I DON'T want to look back when I'm 50 and think: I never gave it everything as far as my career goes. For that reason I'm not interested in being involved with somebody for the sake of it. It's more hassle than it's worth. If something serious comes up, that's fine. I'm not prepared to compromise, and I'm quite choosy. I can't imagine anything worse than living with somebody you don't get on with.
There are sacrifices I've got to make for my career. I'm not able to do the social things all my friends are doing, and weekends don't exist. I've had to say no to things I would have liked to do.
My lifestyle's completely unconventional. I work until late at night and I travel a lot. I have found that a problem with relationships - it's hard for the other person to understand what drives me to do what I do, and to understand that I won't be home at 7pm to cook supper.
There can't be a lonelier profession than a solo concert pianist on tour. When I'm performing I'm having to give of myself to other people; it's quite a demanding role. Being alone in your hotel room after a concert, with no one to ask how it went, is very, very solitary. Those are the times when I do miss emotional support.
You have to learn to cope on your own, because in a sense it's the survival of the fittest. If you let it get to you, you'd never get on with the next thing. But I do need somebody - I turn to my family and friends for support.
I'm never short of things to see or people to do them with. I put a lot of effort into that, and I make a lot of effort with my friends. You have to when you're on your own, because if you don't, nothing comes to you. I like the challenge of that. Sometimes it does get me down, it depends on my frame of mind. If things are going well and I'm feeling positive, I'll go all out for it. But at other times, I just want to curl up on the sofa - then I have to force myself.

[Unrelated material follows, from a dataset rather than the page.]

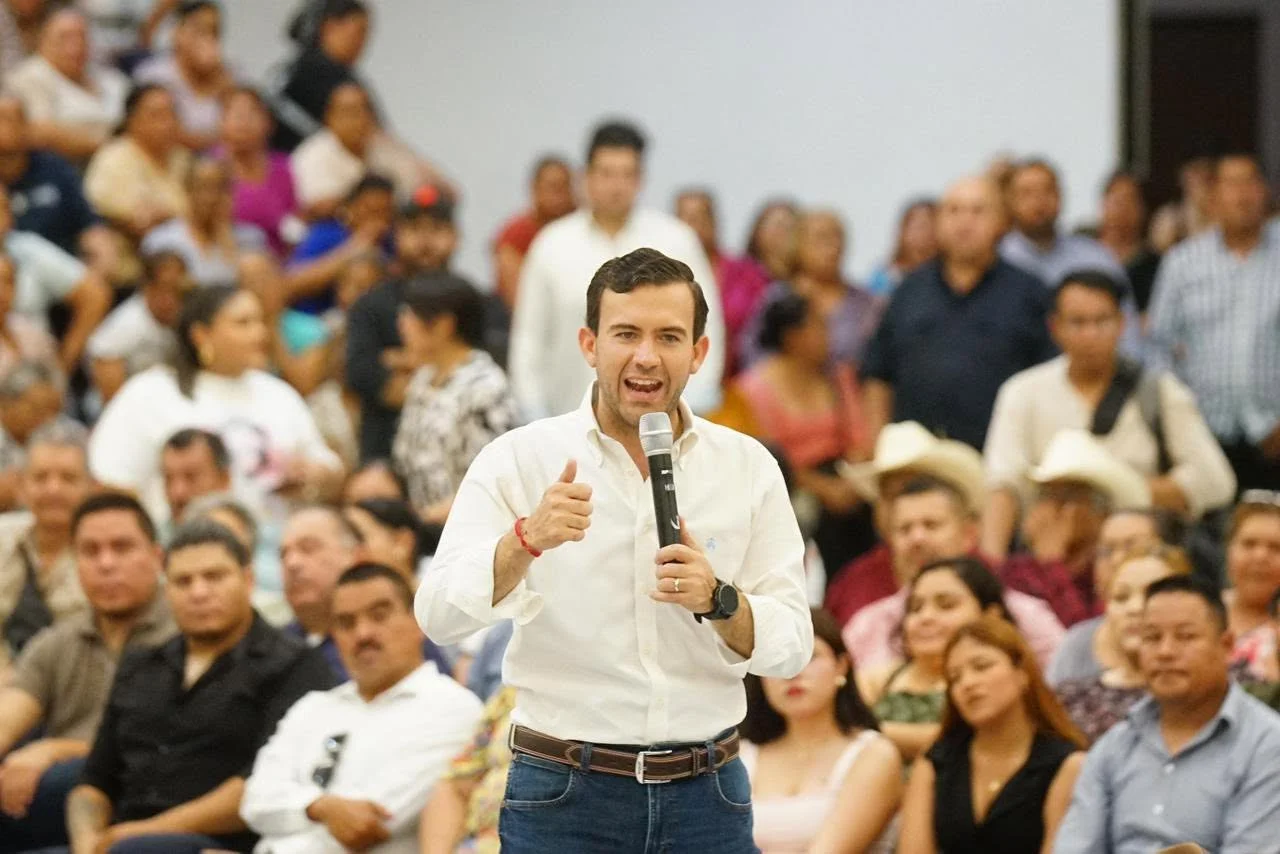 Senador Gabriel Elizondo combinará labor legislativa con recorridos semanales en Coahuila para mantener contacto directo con la ciudadanía.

People say, do you like living on your own? As if it's a really strange thing to do. I've never thought of it as strange or difficult. There is a feeling socially that you're not quite whole until you're part of something else. I don't think that's true.
I'm at an age when you start to think, is this the time I should be getting married? I have a deep-rooted belief that I will be married and have children some day. If I dwelt on the idea of being on my own in 10 or 20 years' time, it could get me down.
What I love is being able to shut my own front door. I can have who I want round, I can watch a video at 3am or have a bath at midnight. And I can pound away on the piano all evening. Until I was 17 I was at a mixed boarding school, where you don't have any space at all. When I left I was very conscious of struggling to get my own independence and my own space around me. I really value my privacy because I didn't have it for so long, and I wouldn't give it up lightly.